> INSTRUCTIONS FOR THE TASK
Begin at the line below that holds "Photo of property" and end at the line that holds "Binghamton, NY 13904", transcribing each line exactly and skipping any picture.

> EXERCISE MATERIAL

○ ○ ○ ○ ○

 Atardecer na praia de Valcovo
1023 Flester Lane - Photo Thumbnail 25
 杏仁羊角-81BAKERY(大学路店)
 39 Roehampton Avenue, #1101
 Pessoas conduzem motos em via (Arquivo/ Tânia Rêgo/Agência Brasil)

○ ○ ○ ○ ○

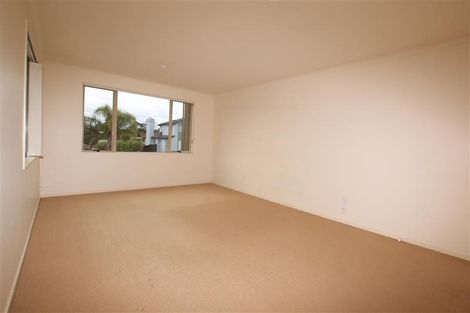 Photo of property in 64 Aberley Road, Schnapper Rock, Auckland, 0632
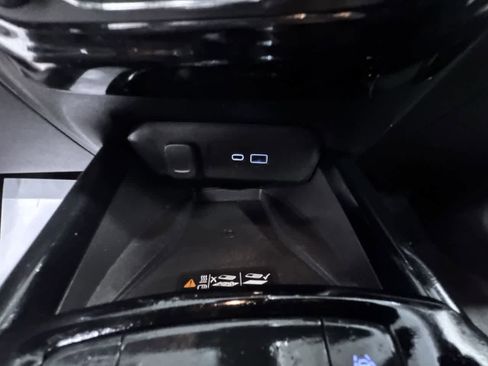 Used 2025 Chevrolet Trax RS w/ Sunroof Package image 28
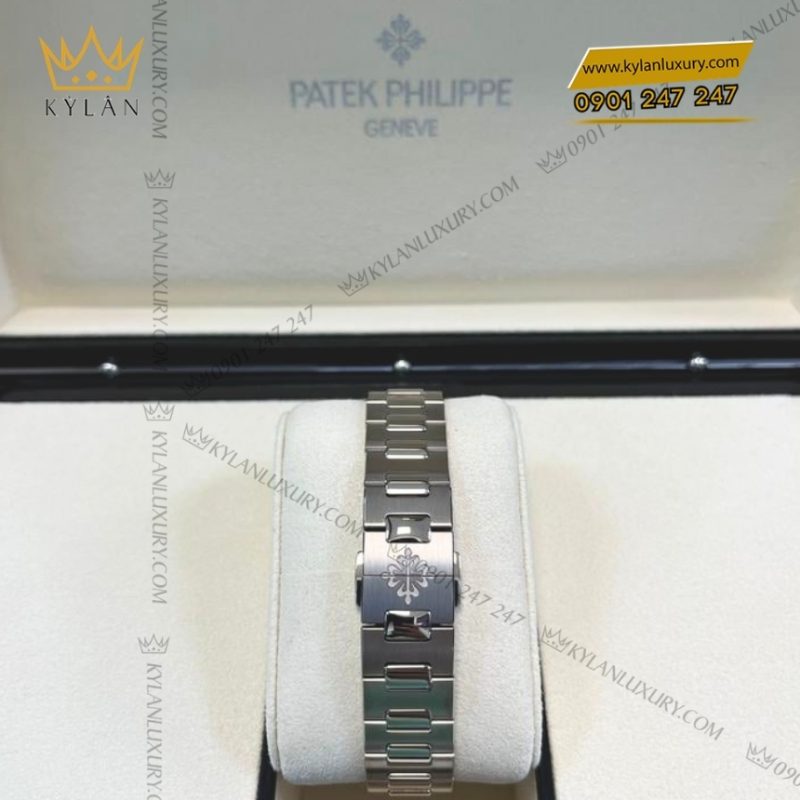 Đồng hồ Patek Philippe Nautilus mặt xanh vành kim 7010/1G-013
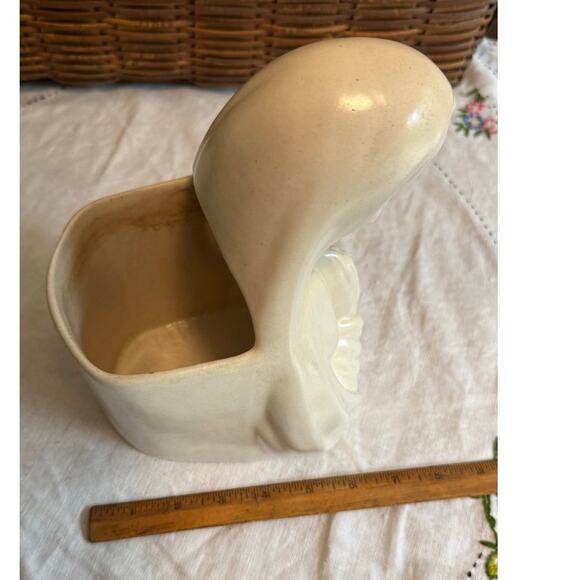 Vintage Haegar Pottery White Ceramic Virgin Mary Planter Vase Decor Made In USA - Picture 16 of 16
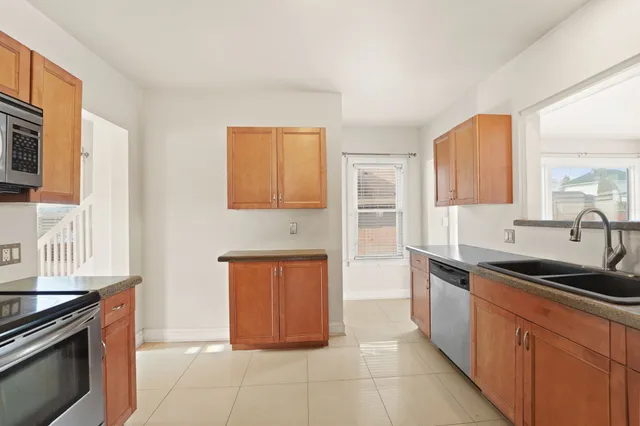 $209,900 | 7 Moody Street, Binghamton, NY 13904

○ ○ ○ ○ ○

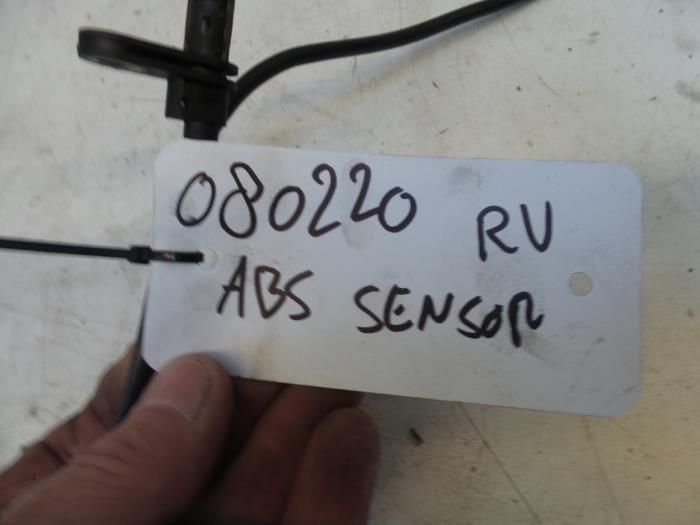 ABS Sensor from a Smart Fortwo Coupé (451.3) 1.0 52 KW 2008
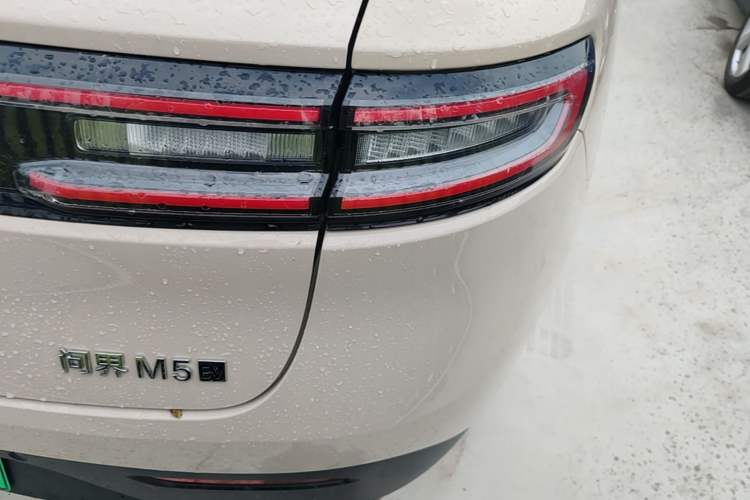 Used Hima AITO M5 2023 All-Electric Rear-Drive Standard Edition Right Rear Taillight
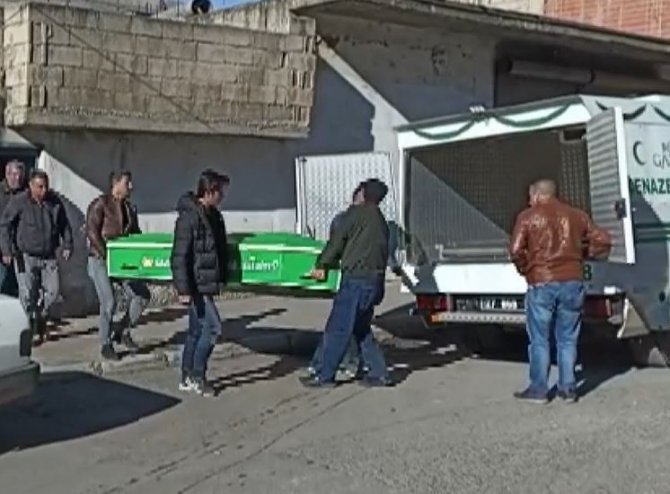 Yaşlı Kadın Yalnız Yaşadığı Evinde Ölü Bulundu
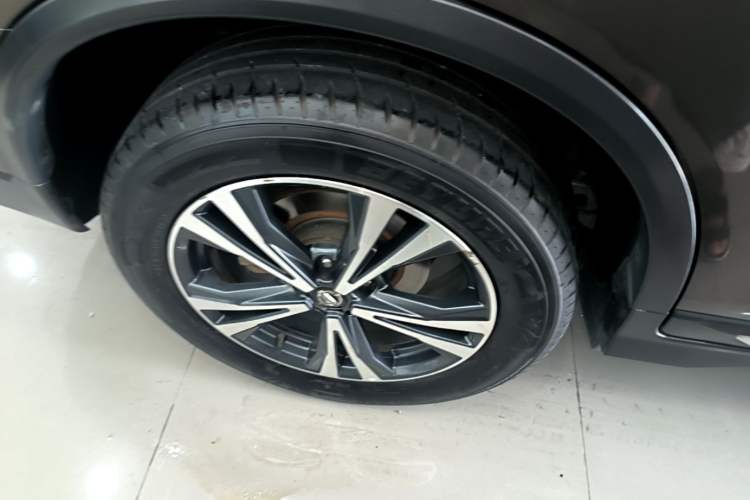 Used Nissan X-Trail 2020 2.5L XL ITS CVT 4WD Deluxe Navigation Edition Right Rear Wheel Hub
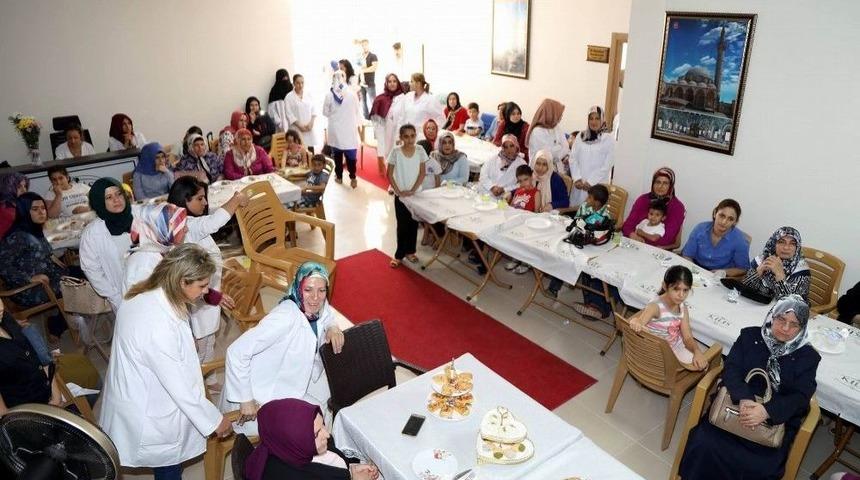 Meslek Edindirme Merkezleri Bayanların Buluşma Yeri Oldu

○ ○ ○ ○ ○

> ANSWER BELOW
 Photo of property in 64 Aberley Road, Schnapper Rock, Auckland, 0632
 Used 2025 Chevrolet Trax RS w/ Sunroof Package image 28
 Đồng hồ Patek Philippe Nautilus mặt xanh vành kim 7010/1G-013
 Vintage Haegar Pottery White Ceramic Virgin Mary Planter Vase Decor Made In USA - Picture 16 of 16
 $209,900 | 7 Moody Street, Binghamton, NY 13904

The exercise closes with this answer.